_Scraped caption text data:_

== Segment start ==

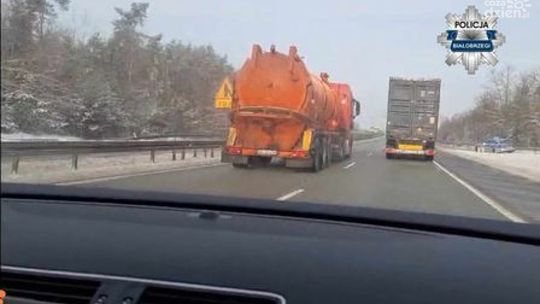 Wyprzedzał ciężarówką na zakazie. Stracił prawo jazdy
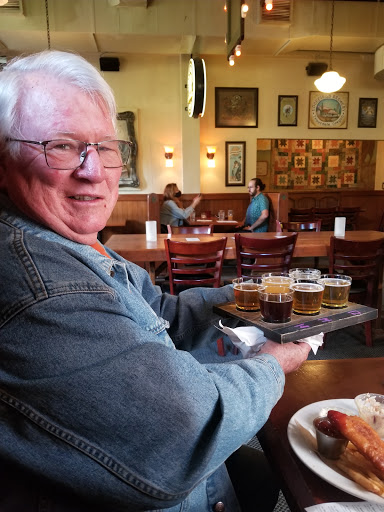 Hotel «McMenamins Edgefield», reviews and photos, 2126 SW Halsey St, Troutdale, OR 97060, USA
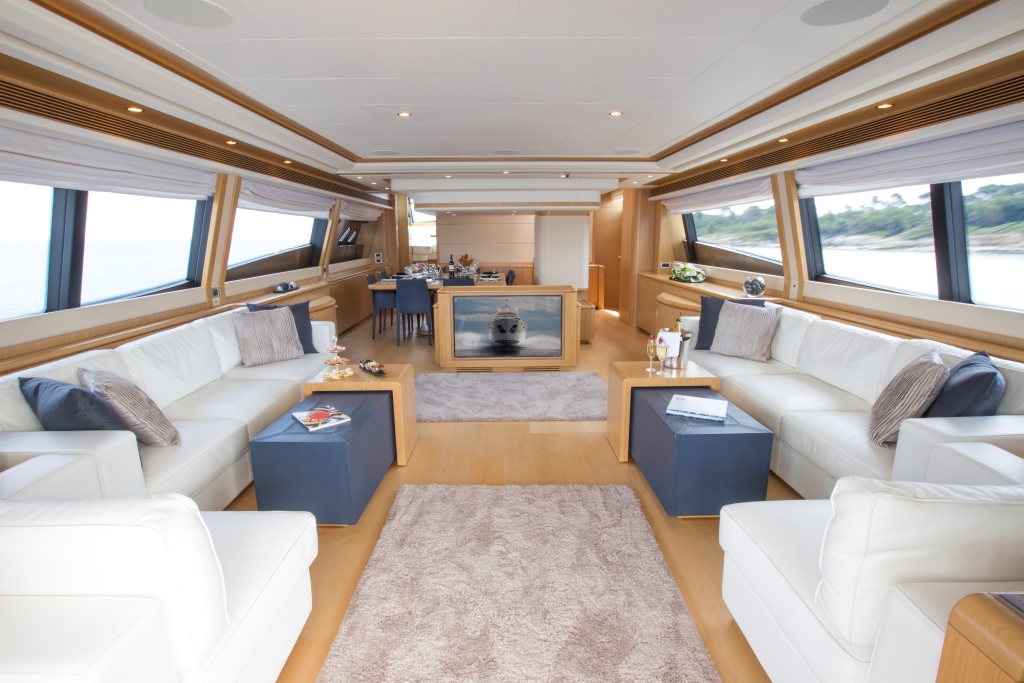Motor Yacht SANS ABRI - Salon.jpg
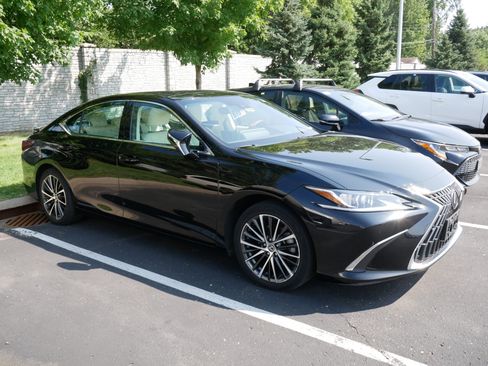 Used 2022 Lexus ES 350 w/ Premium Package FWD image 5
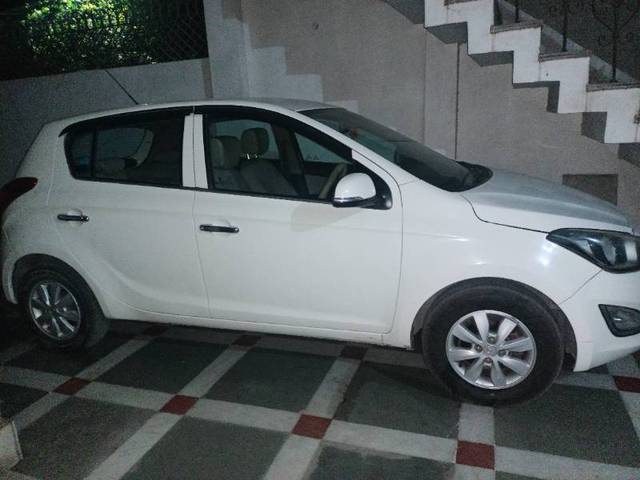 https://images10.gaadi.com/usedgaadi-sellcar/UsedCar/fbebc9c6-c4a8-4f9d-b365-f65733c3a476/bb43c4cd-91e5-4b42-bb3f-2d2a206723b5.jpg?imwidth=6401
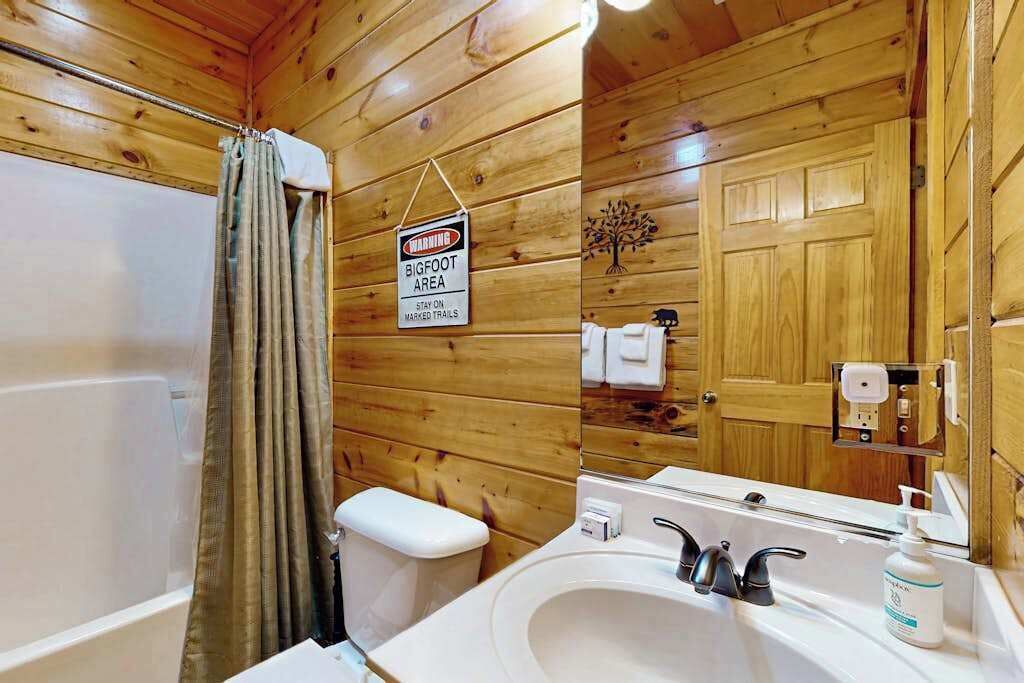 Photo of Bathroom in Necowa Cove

== Segment end ==

_TASK DIRECTIONS:_ Could you output all of the entries above exactly? Leave the pictures out.

_ANSWER TO THIS EXERCISE:_
 Wyprzedzał ciężarówką na zakazie. Stracił prawo jazdy
 Hotel «McMenamins Edgefield», reviews and photos, 2126 SW Halsey St, Troutdale, OR 97060, USA
Motor Yacht SANS ABRI - Salon.jpg
 Used 2022 Lexus ES 350 w/ Premium Package FWD image 5
 https://images10.gaadi.com/usedgaadi-sellcar/UsedCar/fbebc9c6-c4a8-4f9d-b365-f65733c3a476/bb43c4cd-91e5-4b42-bb3f-2d2a206723b5.jpg?imwidth=6401
 Photo of Bathroom in Necowa Cove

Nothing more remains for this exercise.